De início, só os detentores de colocações obtidas até ao começo das aulas, em horários completos, poderiam ver a sua colocação renovada no ano seguinte. Agora, o ministério está a preparar-se para permitir que os horários incompletos, convertidos em completos a partir da RR32, possam permitir a renovação da colocação dos seus titulares. Como dizer a um professor contratado com 19 horas, antes da RR32, que não poderá ter o seu contrato automaticamente renovado no próximo ano, quando um colega, que agora aceitou um horário de seis horas, administrativamente convertidas em 22, pode ver o seu contrato renovado automaticamente? Que conceito de justiça suporta os atropelos que daqui resultam?
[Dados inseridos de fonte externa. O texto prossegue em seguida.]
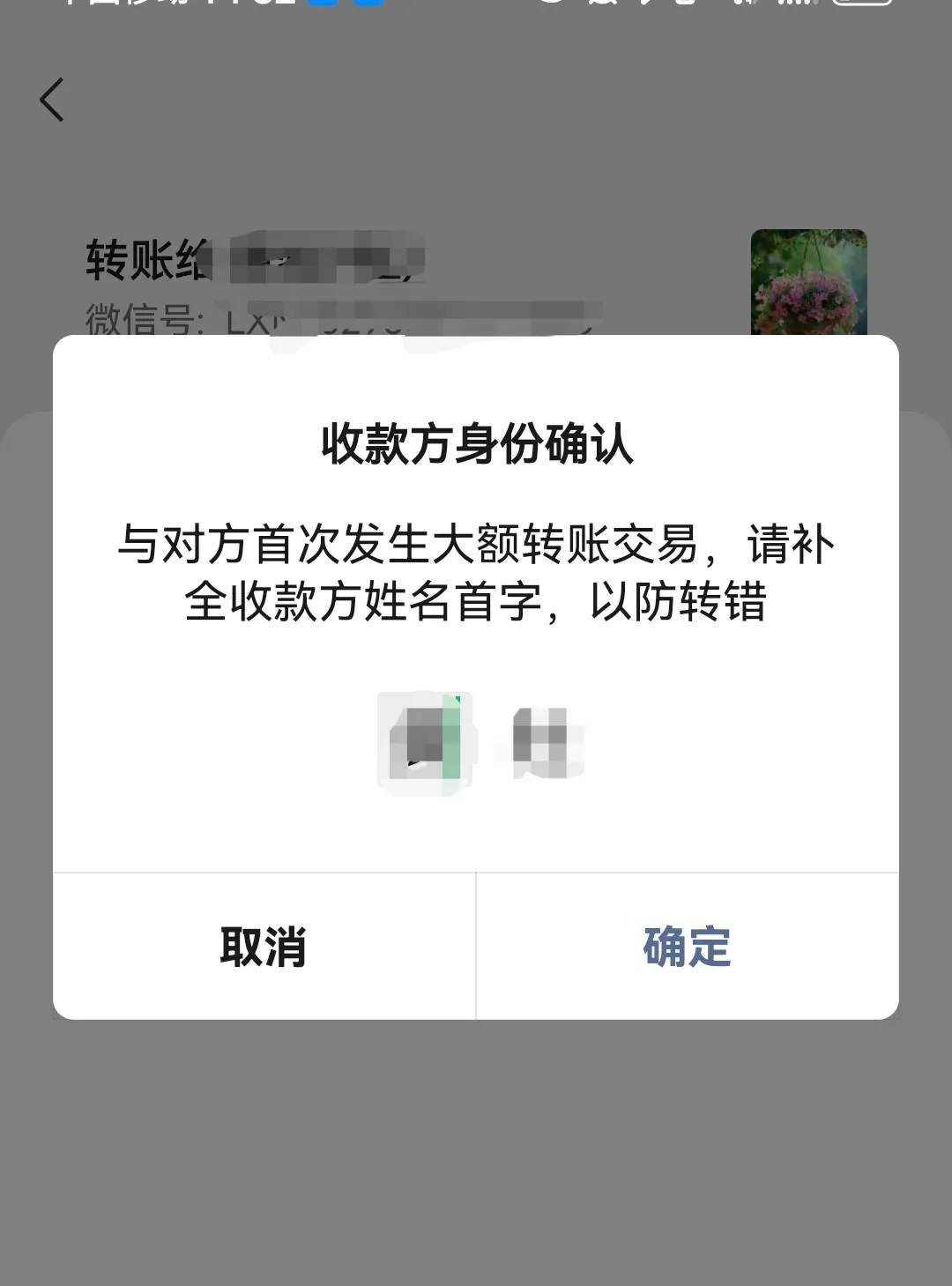 昭通最新微信换现金套路方法分析(最方便真实的昭通微信换现金收手续费犯法吗方法)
Confrontado com tudo isto no Parlamento, João Costa respondeu: “Não nos preocupa que as regras sejam diferentes. O que interessa é que alunos tenham aulas”. Como se uma urgência justificasse uma canalhice.

O que a Reserva de Recrutamento 32 expôs é um padrão comportamental de trapalhice e iniquidade. O que o escuteiro/ministro promoveu é inaceitável: o céu para os ungidos da 32, o inferno para os colocados nos oito meses anteriores. Tivéssemos uma classe profissional com uma réstia de união e o dito voltaria, em breve, no dizer do próprio, à praia dele: os lobitos.